Holy Cross Monastery, West Park, NY
Every three years, the lectionary makes our entry point into the Nativity story on this fourth Sunday of Advent to be not through Mary, or Elizabeth, or John the Baptist, but through Joseph. The Gospel of Matthew reminds us that in fact, Joseph’s role in Jesus's arrival is absolutely central and of crucial importance. For Matthew’s Gospel the Messiah must come from the house and lineage of David, and so it rests on Joseph to give his name and his legitimacy to Mary's child. It is his consent to lean into what seems impossible, to embrace the scandalous, and to let go of his notions of holiness in favor of God’s messy plan of salvation, that allows the miracle of Christmas to unfold. If Joseph refuses, the fulfillment of prophecy comes to a halt.
Matthew’s nativity story is not a detailed telling of Jesus’s birth, like the one we find in the Gospel according to Luke. Luke wants to tell us the story through the experiences of Mary, a young woman without status who carries the son of God in her womb, and the shepherds living in the fields who are the first to hear of the birth. Matthew, on the other hand, wants to tell us about Joseph. He is described as a “righteous man,” which is to say, a man of principle, devoted to God’s law, and ethical living. From any account it’s not hard to imagine Mary’s betrothed as someone who doesn’t like to venture too close to controversy. I imagine Saint Joseph as an honest and hardworking man who follows the rules, practices justice and fairness and desires to live an uncomplicated and orderly life.
We know that the anonymous writer we’ve come to name Saint Matthew was probably a Jewish Christian, possibly a scribe. He wrote between the years 80 and 90 CE and addressed his work to a community in conflict: Jewish Christians who were being pushed out of larger Jewish communities. So, it is important for this writer we call Matthew to place his own religious community right within its Jewish heritage and to portray a Jesus whose Jewish identity is beyond doubt. In fact, he begins his gospel by tracing Jesus’s genealogy, not just to King David, but all the way back to Abraham. What’s interesting is that the genealogy of the Son of God is a long line of dishonor and scandal.

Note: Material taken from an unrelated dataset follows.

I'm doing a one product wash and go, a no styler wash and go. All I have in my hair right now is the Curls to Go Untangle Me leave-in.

The forty-two generations of Jesus’ genealogy according to the Gospel of Saint Matthew are a long list of the names of broken and imperfect men, sprinkled a few times with those of broken and imperfect women. There is the patriarch who abandoned his son and twice endangered his wife’s safety in order to save his own skin, the trickster usurper who humiliated his older brother, the king who slept with another man’s wife and then had the man killed to protect his own reputation, a woman who pretended to be a sex worker, and another who was one and then turned into a spy. These are just a few examples, and the backdrop for God’s works of restoration, healing, hope, and second chances. And thus, it is within this context that the focus on Joseph appears in Matthew’s story of Jesus’ birth. Joseph embodies all that is best about the Jewish tradition of the time- keeping the law as a way to live with God. The law was a tried-and-true pattern of actions that expressed a Jew’s closeness to God and right relationship with others.

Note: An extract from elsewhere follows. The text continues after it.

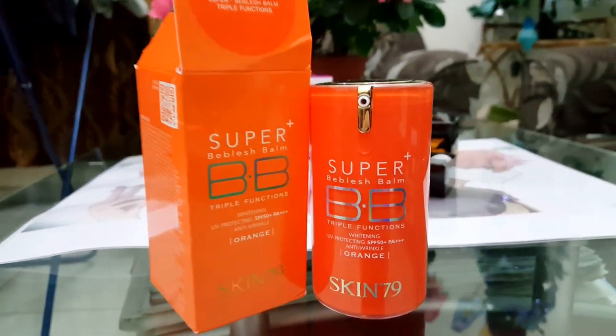Hi guys, my name is Tsunami and I'm going to be doing a review today for my recently bought items from UNIXO. I have also bought contact lenses — if you want to check them out, click the link below or check the link in the description. I'm going to be reviewing the Super Blush Bong Triple Functions from UNIXO, brand Skin 79. I've always wanted to buy this and I finally got it. My friend did a review for it, so it's part of my wish list series.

In today’s Gospel story we hear that during the time of Joseph’s engagement to Mary, he discovers that she is pregnant and he knows he is not the father. Because he is a righteous man he decides to dismiss her quietly, but an angel of God appears to him in a dream and tells him not to be afraid to marry her so he obeys and does what the angel tells him. Right… But, in the Gospel account neither Mary nor Joseph say a word. What I want to know is what they said to each other. What was that confrontation like? I want to know about Joseph’s anguish, anger, confusion, and fear. He really had no good options. If he calls attention to Mary’s out-of-wedlock pregnancy, according to Mosaic Law she could be stoned to death. I want to know how long it took this righteous man to arrive at what he also knows in his heart is another part of his Jewish heritage: that the law must always be tempered with mercy.

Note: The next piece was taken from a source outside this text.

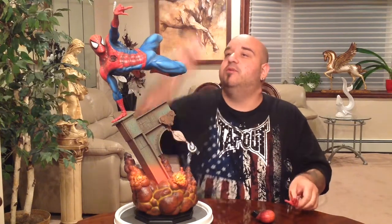Hero statue collector Lou here with another statue pickup and review. This time it's the awesome Spider-Man premium format. Mine is number 2182 of 2500 — it's the exclusive edition, which comes with a second head and a second web hand.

After what may have surely been an agonizing struggle, Joseph’s thoughts, will, feelings, in other words, his aware sense of self, his “I” comes up with a plan that is rational, practical, and righteous. He decides to dismiss Mary quietly, in a way that would reduce public inquiry into what has happened. The thing is, though, that if he does, Mary would be reduced to begging or prostitution to support herself and the child. So, mercy is not enough! What is demanded of Joseph is to go beyond that old pattern of actions he knows so well. God reaches out to him through the subterranean world of dreams. His deeper self, the depths of his soul closest to the Holy, reveals that something else needs to happen, which from the perspective of righteous Joseph, must have felt shocking, unsettling, and scary. In his dream, Joseph confronts a power greater than his sense of self. An angel appears to him and says: “Joseph, son of David, do not be afraid.” In other words, do not be afraid to do something that seems outrageous and that will take you way past what you can possibly ask or imagine in order to bring to fruition something that the law and the prophets have yearned for. So, Joseph acts upon a justice deeper than what is merely legal. It’s a theme Jesus will later expound at length in his preaching. Against the shadows of hateful violence dressed up as law, Joseph acts with merciful love, and the Good News of love begins. The Love made flesh, that came to dwell with us, and save us, and love us back to life.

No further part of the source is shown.